Isaac Chocrón ha vuelto gracias a “Señales de tráfico” y por setenta centavos -leíste bien, 0.70 dólares- salí con él en la mochila directo al primer café que se me enredara en los zapatos. Me senté, pedí un americano, encendí el tabaco y gocé como un bellaco que hace de las suyas con total impunidad al meterme de cabeza en la elegancia, inteligencia y cosmopolitismo de un autor que lanza sus hechizos, sus formas cambiantes a la hora de poner los temas sobre la mesa y decirlos, zarandearlos, restregártelos en plena cara con la sutileza de una nube, una nube movediza en el cielo azul de la página de un libro. Nube Chocrón, nube que se transfigura, nube que es nube y a la vez todo lo único y distinto que puede expresarse en ella.

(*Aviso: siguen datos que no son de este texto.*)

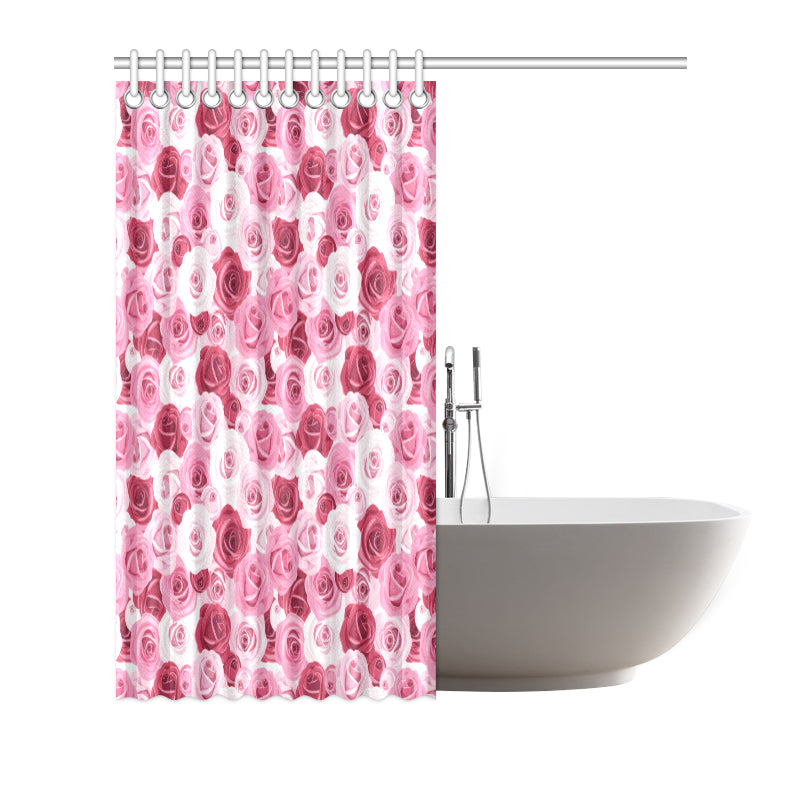 Pink Red Rose Pattern Print Shower Curtain
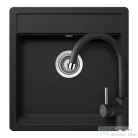 Schock NEMO N-100S konyhai mosogatótálca CRISTALITE® Nero 490 x 510 mm, gránit kompozit, Schock Plutos konyhai csapteleppel, fekete SETNN100SPNERO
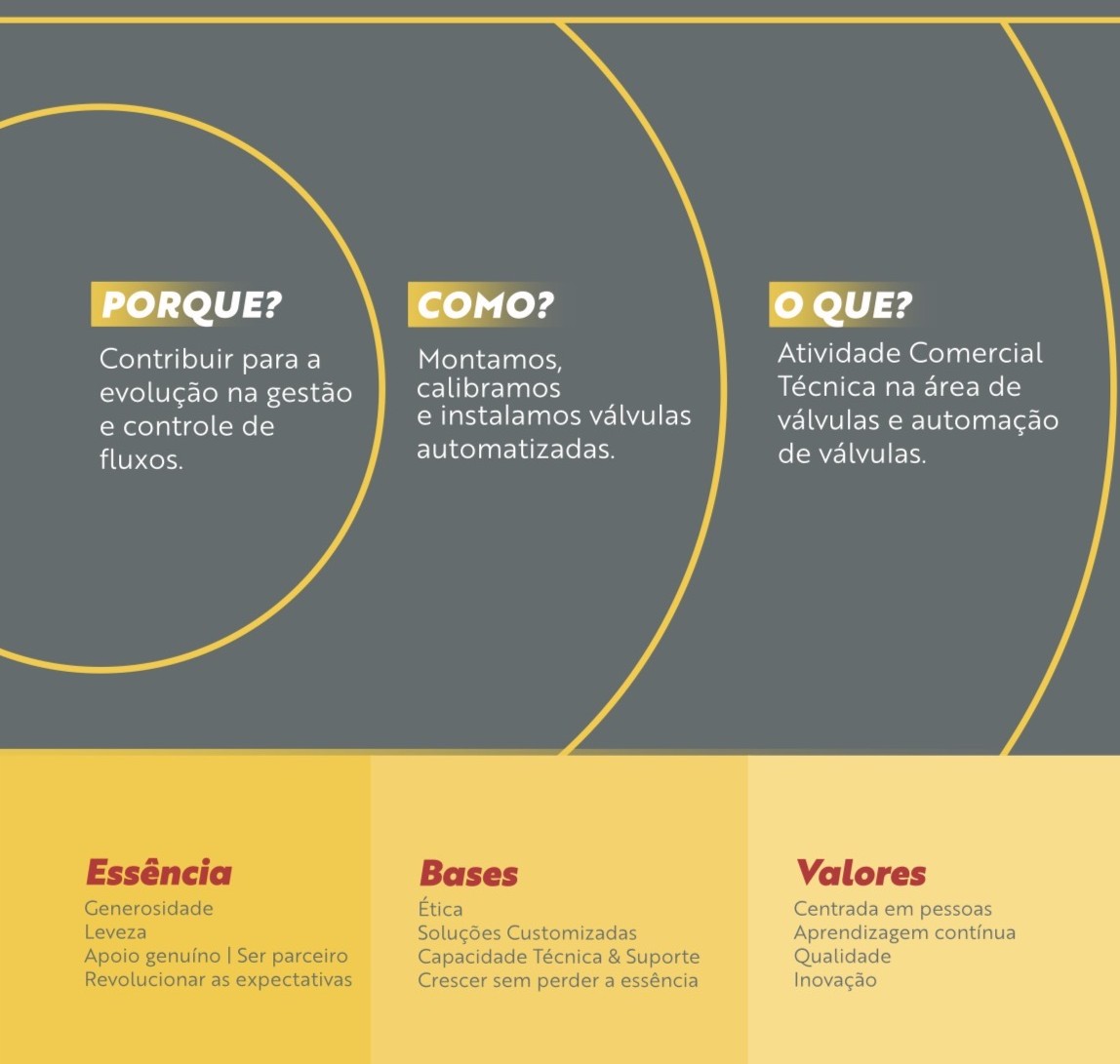 golden circle da Bongas Brasil com porquê, como e o quê aplicados à gestão de fluxos e automação de válvulas
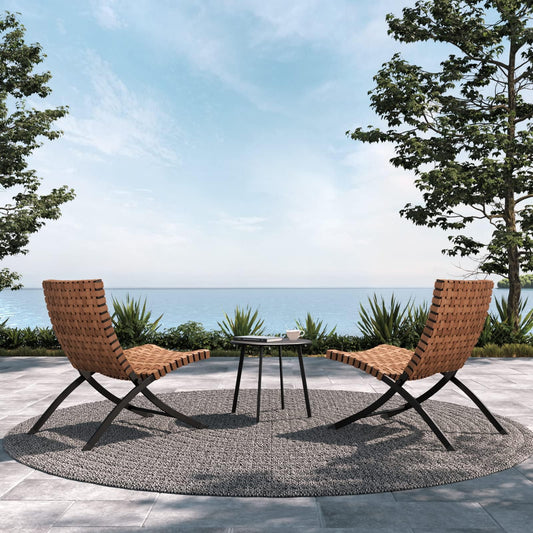 3-Piece Foldable Outdoor Patio Set with Leather-Texture Chairs & Side Table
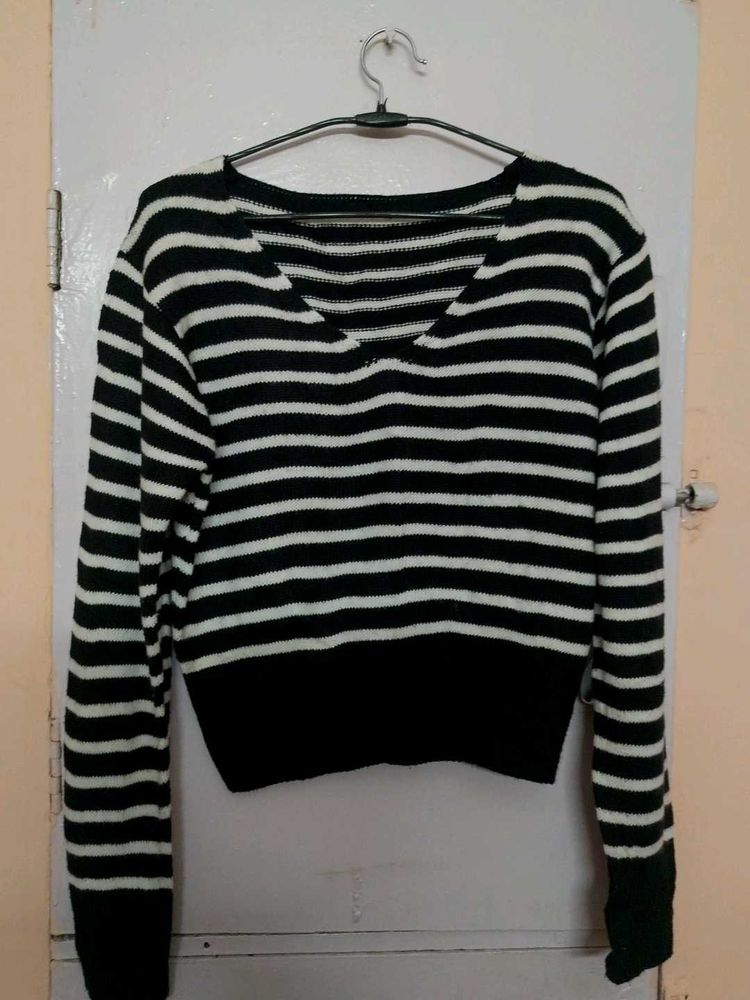 Striped V-Neck Sweater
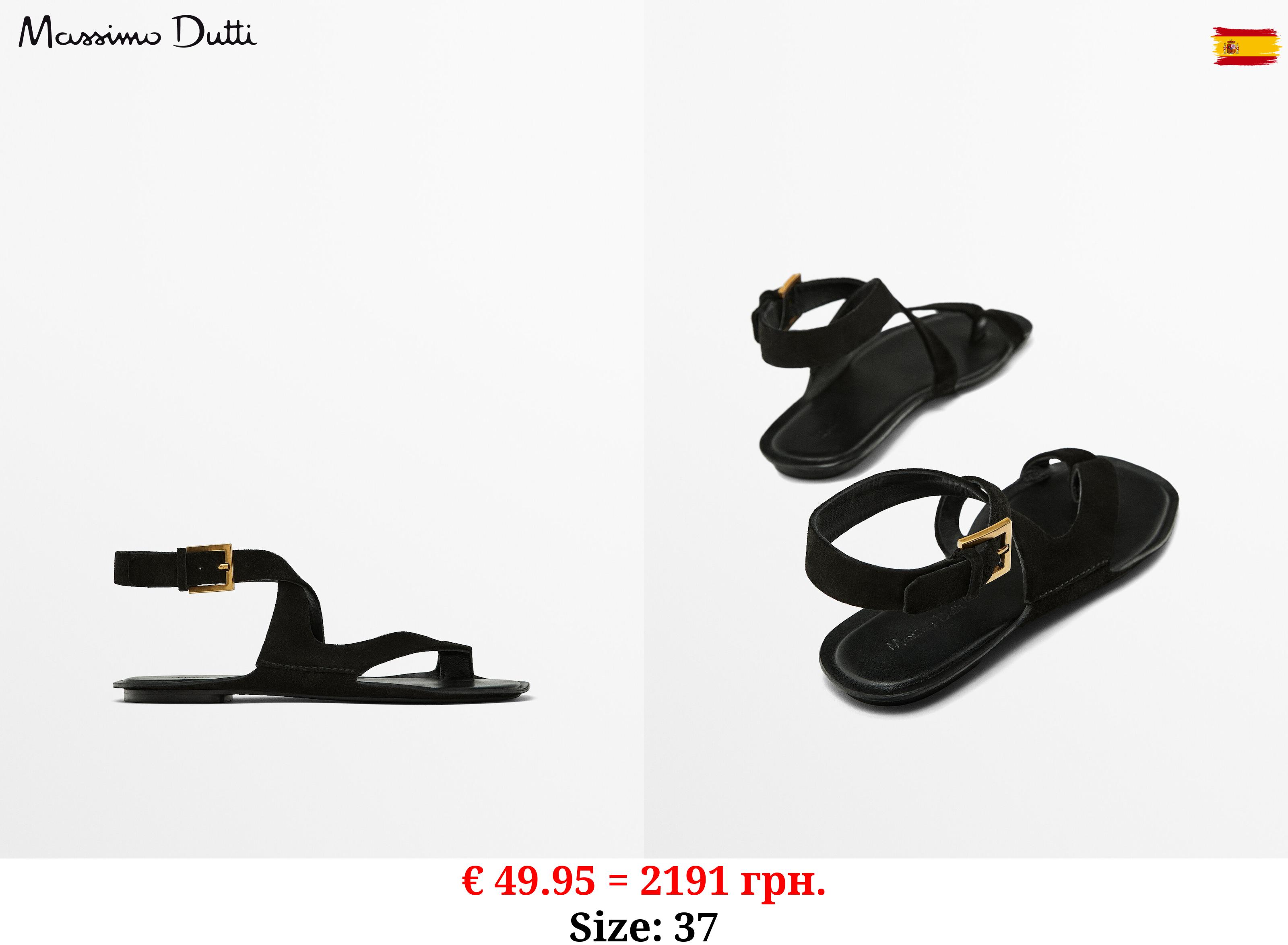 Split suede flat sandals BLACK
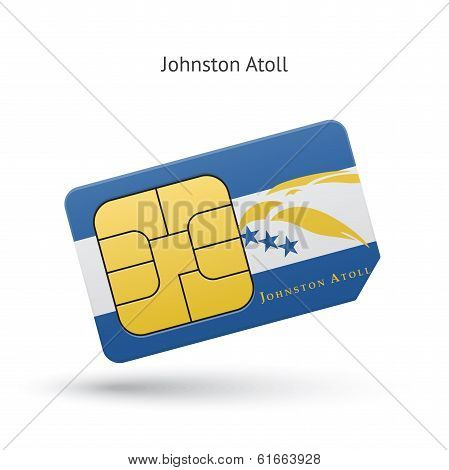 Johnston Atoll mobile phone sim card with flag.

Nueva York, Japón, Londres, Caracas. Cunningham, Ginsberg, Borges, Dietrich o Sontag. Guillermo Sucre, el cine, el teatro, las calles, la pornografía, todo cabe en “Señales de tráfico”, texto que jamás llegué a ver en Venezuela. En el setenta y dos, cuando fue una gran editorial, Monte Ávila lo lanzó al ruedo y en el ejemplar que hallé en pleno centro histórico de Quito un nombre, en estampa oficinesca con sello húmedo y toda la parafernalia, da cuenta de su antiguo dueño: Eduardo Ponce M. Supuse de inmediato que hallaría notas de este señor, párrafos subrayados, pistas de su paso por las páginas pero no, nada de nada. Impoluto, casi nuevo.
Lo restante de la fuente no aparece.